### What is needed
Exact copy, no pictures: reproduce the lines from the one that holds "Синій Ніссан ІксТрейл, об'ємом" through the end of the entries.

══ Supplied records ══

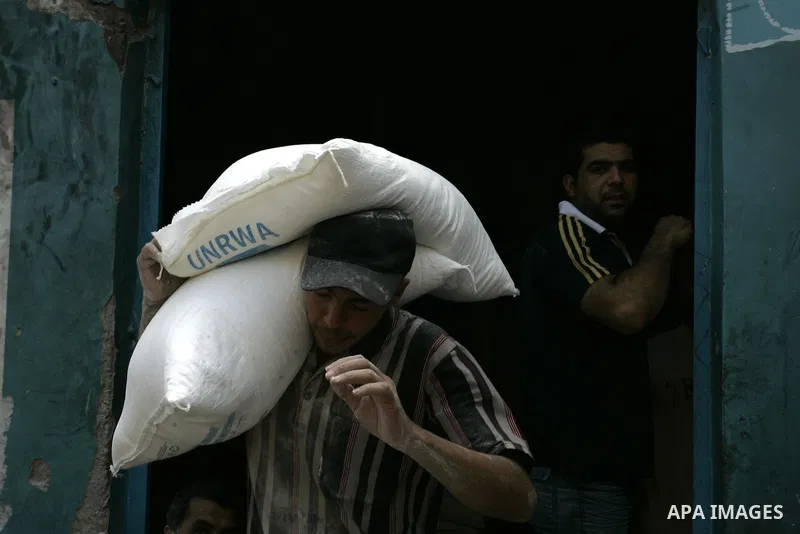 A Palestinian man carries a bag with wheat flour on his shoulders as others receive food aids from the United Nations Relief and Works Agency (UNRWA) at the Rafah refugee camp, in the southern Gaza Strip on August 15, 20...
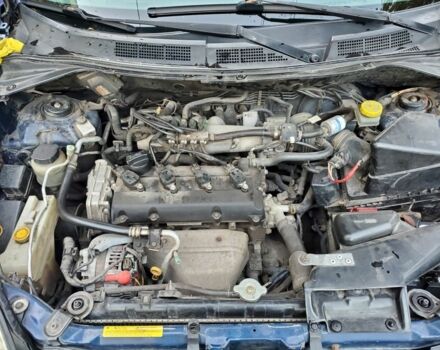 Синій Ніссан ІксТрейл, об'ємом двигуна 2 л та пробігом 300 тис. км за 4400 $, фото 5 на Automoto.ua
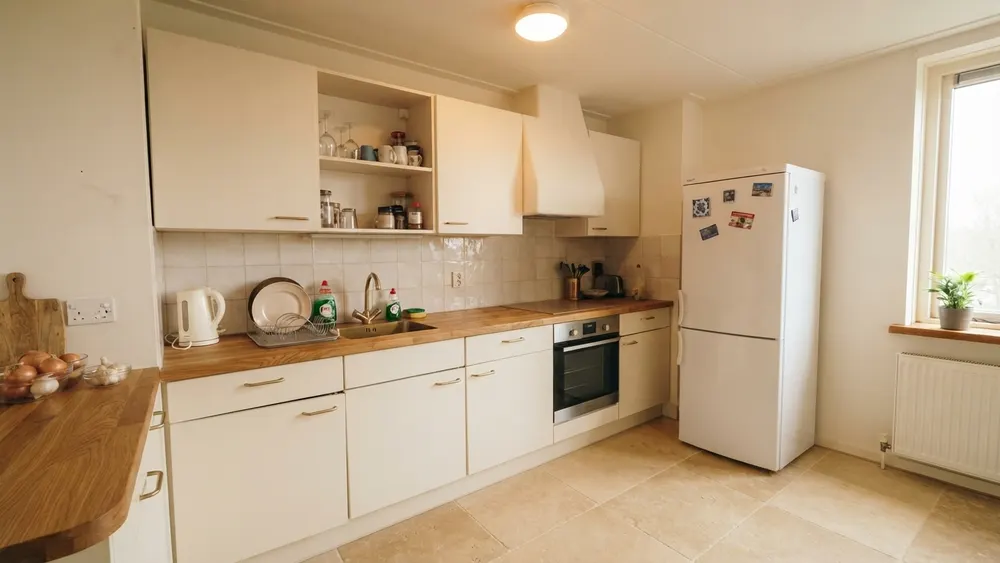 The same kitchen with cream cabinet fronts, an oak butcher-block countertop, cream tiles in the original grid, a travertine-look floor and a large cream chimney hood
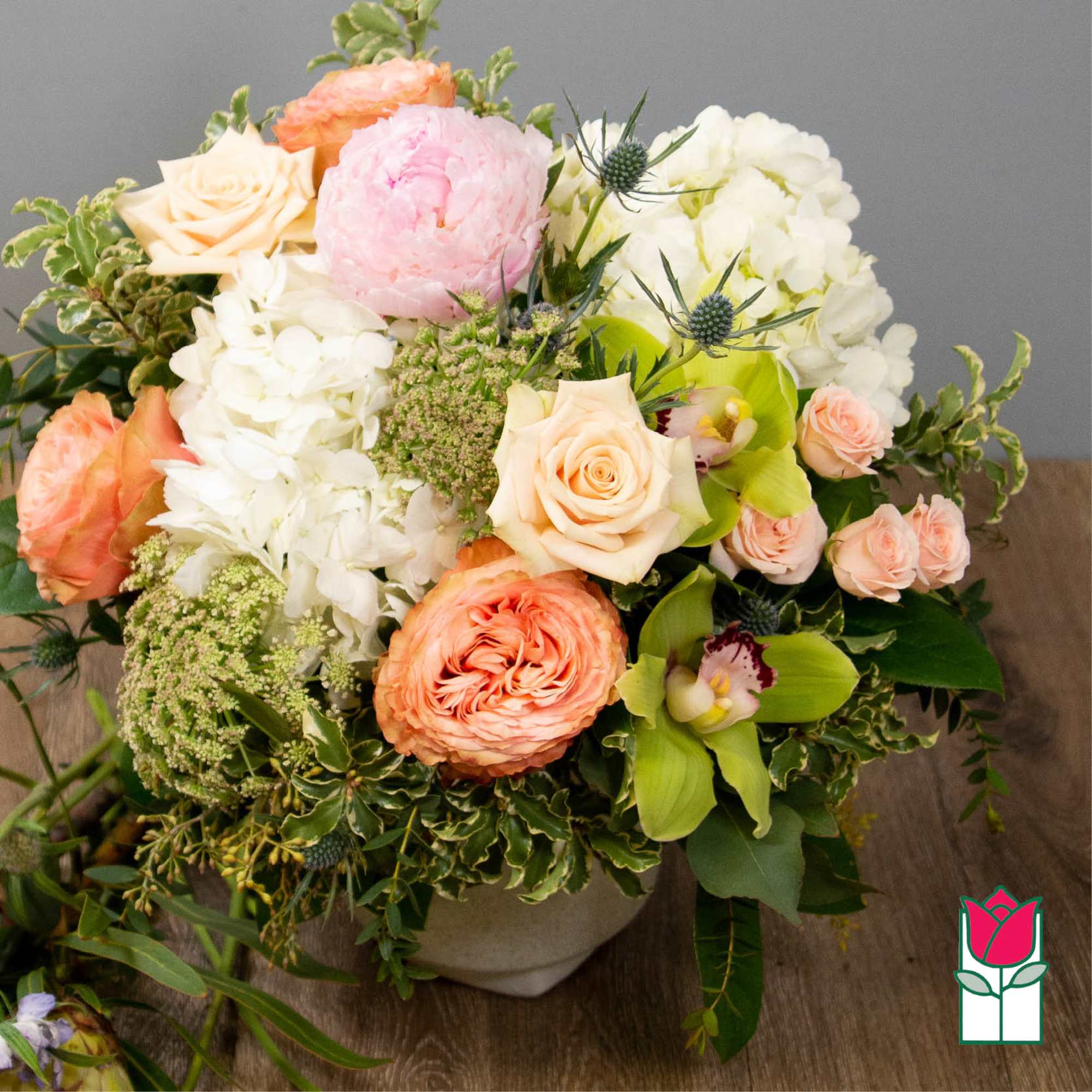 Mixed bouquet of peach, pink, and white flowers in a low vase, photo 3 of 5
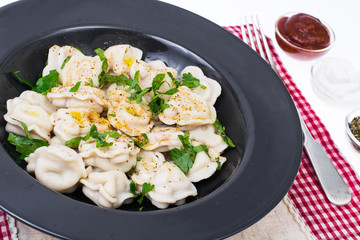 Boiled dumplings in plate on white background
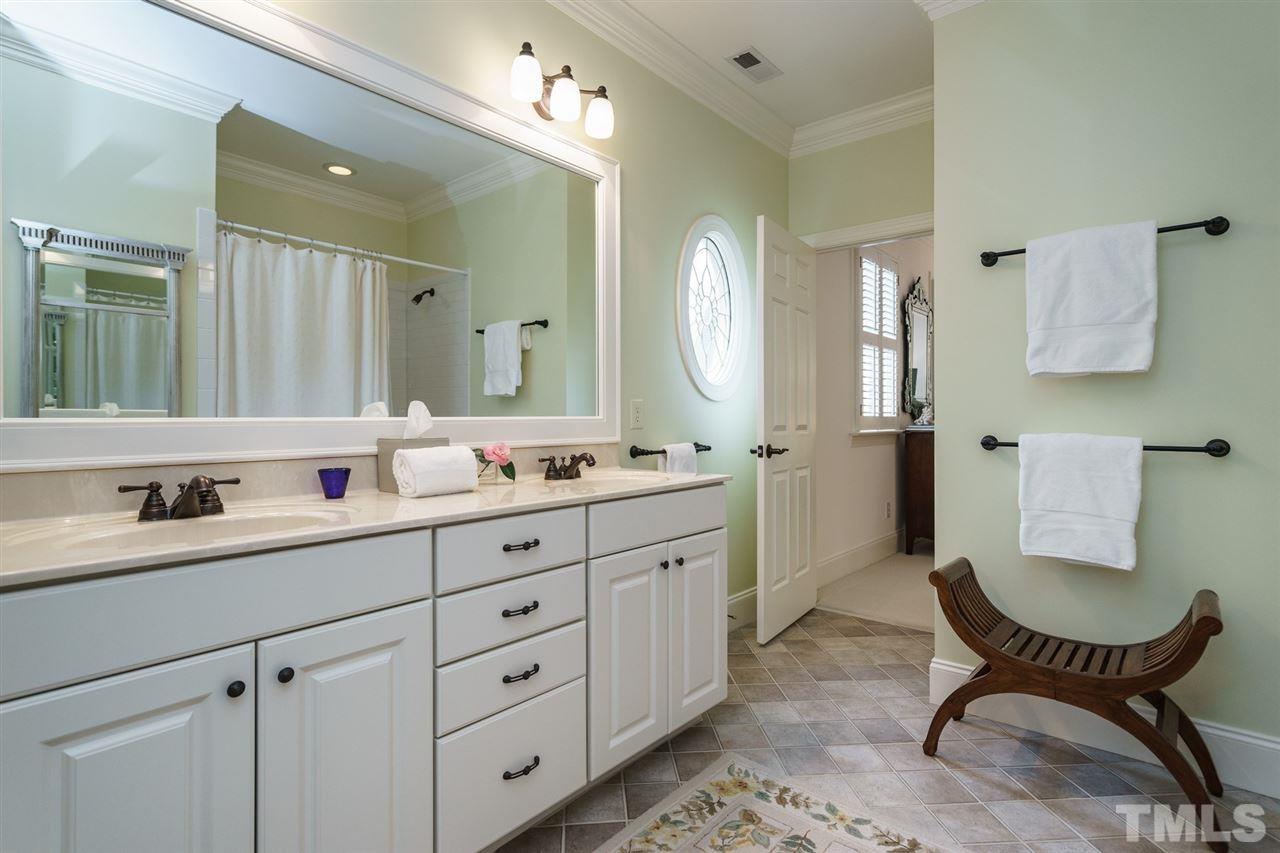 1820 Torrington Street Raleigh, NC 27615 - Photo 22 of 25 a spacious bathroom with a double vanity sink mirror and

═══

### Exercise output
 Синій Ніссан ІксТрейл, об'ємом двигуна 2 л та пробігом 300 тис. км за 4400 $, фото 5 на Automoto.ua
 The same kitchen with cream cabinet fronts, an oak butcher-block countertop, cream tiles in the original grid, a travertine-look floor and a large cream chimney hood
 Mixed bouquet of peach, pink, and white flowers in a low vase, photo 3 of 5
 Boiled dumplings in plate on white background
 1820 Torrington Street Raleigh, NC 27615 - Photo 22 of 25 a spacious bathroom with a double vanity sink mirror and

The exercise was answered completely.